CEVAP:Davalı vekili, müvekkilinin sözleşme uyarınca sorumluluklarını yerine getirdiğini ve kusurunun bulunmadığını,davacıya gerekli bildirimlerin yapıldığını savunarak davanın reddini istemiştir.
İLK DERECE MAHKEMESİNİN KARARININ ÖZETİ:İlk derece mahkemesince yapılan yargılama sonucunda, davalı aracı kurum tarafından davacının bilgisi ve onayı olmadan davacının zararına olacak şekilde işlem yapıldığı ve bu durumun SPK mevzuatına aykırı bulunduğu, bu nedenle davacının zarara uğradığı ve alacak talebinde haklı olduğu, ancak ıslah talebinin haklı görülmediği gerekçesiyle davanın kabulüne karar verilmiştir.
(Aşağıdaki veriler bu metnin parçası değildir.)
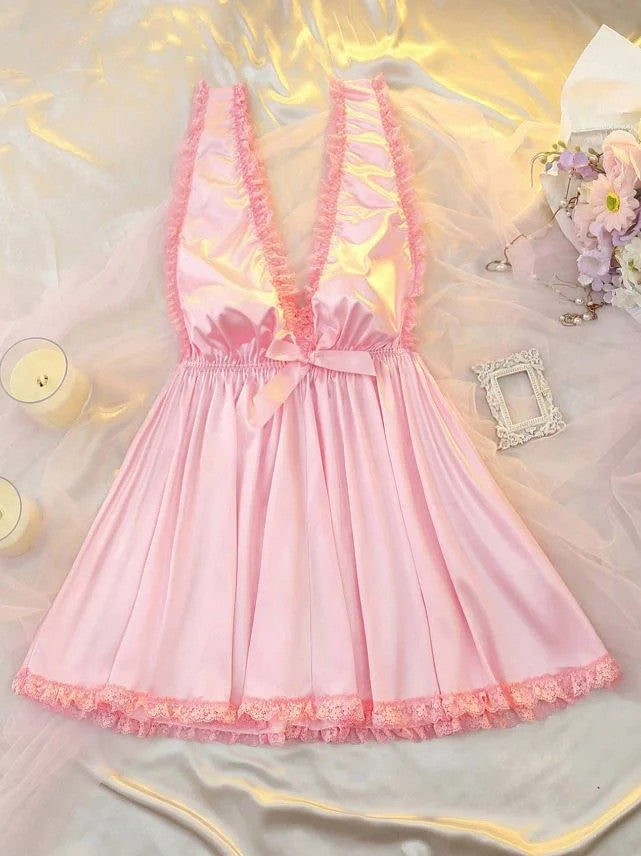 Silky feel luxury satin pink lingerie nightie lace trim sissy size XL / 16-18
İSTİNAF SEBEPLERİ: Davacı vekili istinaf dilekçesinde özetle; kısmi davanın ıslah edilemeyeceğine dair yasal bir düzenleme olmadığı gibi aksine Yargısal içtihatlarla ıslah edilebileceğinin kabul edildiğini, bu nedenle ıslah doğrultusunda davanın kabulü gerekirken ıslah talebinin dikkate alınmamasının doğru olmadığını, ayrıca davalı ihtarname ile temerrüde düşürülmüş iken dava tarihinden itibaren faize hükmedilmesinin de doğru olmadığını belirterek hükmün kaldırılmasını ve ıslah doğrultusunda davanın tümden kabulünü istemiştir.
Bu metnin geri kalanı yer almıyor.